*What you will do*: Reproduce all entries precisely as they are written.

═══ Information supplied ═══

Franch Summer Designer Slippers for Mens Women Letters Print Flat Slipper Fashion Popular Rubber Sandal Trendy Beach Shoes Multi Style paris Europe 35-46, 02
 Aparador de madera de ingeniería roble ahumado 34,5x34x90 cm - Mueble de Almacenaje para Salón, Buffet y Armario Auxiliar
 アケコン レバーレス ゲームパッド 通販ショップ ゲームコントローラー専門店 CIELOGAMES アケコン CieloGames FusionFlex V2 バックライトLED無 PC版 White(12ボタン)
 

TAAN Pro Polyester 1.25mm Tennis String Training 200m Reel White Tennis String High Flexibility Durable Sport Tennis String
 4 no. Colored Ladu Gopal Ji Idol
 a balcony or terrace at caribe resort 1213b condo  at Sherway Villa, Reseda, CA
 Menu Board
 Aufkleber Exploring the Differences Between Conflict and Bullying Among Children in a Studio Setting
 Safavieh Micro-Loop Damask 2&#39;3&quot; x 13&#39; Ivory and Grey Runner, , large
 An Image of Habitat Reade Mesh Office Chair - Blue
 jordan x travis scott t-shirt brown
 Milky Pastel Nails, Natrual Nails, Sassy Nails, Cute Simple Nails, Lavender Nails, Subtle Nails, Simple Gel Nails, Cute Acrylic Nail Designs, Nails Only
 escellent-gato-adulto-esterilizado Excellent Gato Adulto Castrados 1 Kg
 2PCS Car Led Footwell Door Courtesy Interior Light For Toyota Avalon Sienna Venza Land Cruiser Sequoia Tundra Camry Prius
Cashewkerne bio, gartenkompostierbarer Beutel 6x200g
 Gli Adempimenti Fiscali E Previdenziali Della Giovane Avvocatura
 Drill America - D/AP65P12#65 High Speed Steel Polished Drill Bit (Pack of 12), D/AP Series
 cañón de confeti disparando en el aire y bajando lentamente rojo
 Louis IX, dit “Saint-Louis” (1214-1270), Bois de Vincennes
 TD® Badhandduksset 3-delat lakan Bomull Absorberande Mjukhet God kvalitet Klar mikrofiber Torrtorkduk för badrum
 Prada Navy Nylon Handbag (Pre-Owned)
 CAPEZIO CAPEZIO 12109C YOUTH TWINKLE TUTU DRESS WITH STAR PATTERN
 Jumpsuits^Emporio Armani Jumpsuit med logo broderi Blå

═══

*Result of this task*:
Franch Summer Designer Slippers for Mens Women Letters Print Flat Slipper Fashion Popular Rubber Sandal Trendy Beach Shoes Multi Style paris Europe 35-46, 02
 Aparador de madera de ingeniería roble ahumado 34,5x34x90 cm - Mueble de Almacenaje para Salón, Buffet y Armario Auxiliar
 アケコン レバーレス ゲームパッド 通販ショップ ゲームコントローラー専門店 CIELOGAMES アケコン CieloGames FusionFlex V2 バックライトLED無 PC版 White(12ボタン)
 

TAAN Pro Polyester 1.25mm Tennis String Training 200m Reel White Tennis String High Flexibility Durable Sport Tennis String
 4 no. Colored Ladu Gopal Ji Idol
 a balcony or terrace at caribe resort 1213b condo  at Sherway Villa, Reseda, CA
 Menu Board
 Aufkleber Exploring the Differences Between Conflict and Bullying Among Children in a Studio Setting
 Safavieh Micro-Loop Damask 2&#39;3&quot; x 13&#39; Ivory and Grey Runner, , large
 An Image of Habitat Reade Mesh Office Chair - Blue
 jordan x travis scott t-shirt brown
 Milky Pastel Nails, Natrual Nails, Sassy Nails, Cute Simple Nails, Lavender Nails, Subtle Nails, Simple Gel Nails, Cute Acrylic Nail Designs, Nails Only
 escellent-gato-adulto-esterilizado Excellent Gato Adulto Castrados 1 Kg
 2PCS Car Led Footwell Door Courtesy Interior Light For Toyota Avalon Sienna Venza Land Cruiser Sequoia Tundra Camry Prius
Cashewkerne bio, gartenkompostierbarer Beutel 6x200g
 Gli Adempimenti Fiscali E Previdenziali Della Giovane Avvocatura
 Drill America - D/AP65P12#65 High Speed Steel Polished Drill Bit (Pack of 12), D/AP Series
 cañón de confeti disparando en el aire y bajando lentamente rojo
 Louis IX, dit “Saint-Louis” (1214-1270), Bois de Vincennes
 TD® Badhandduksset 3-delat lakan Bomull Absorberande Mjukhet God kvalitet Klar mikrofiber Torrtorkduk för badrum
 Prada Navy Nylon Handbag (Pre-Owned)
 CAPEZIO CAPEZIO 12109C YOUTH TWINKLE TUTU DRESS WITH STAR PATTERN
 Jumpsuits^Emporio Armani Jumpsuit med logo broderi Blå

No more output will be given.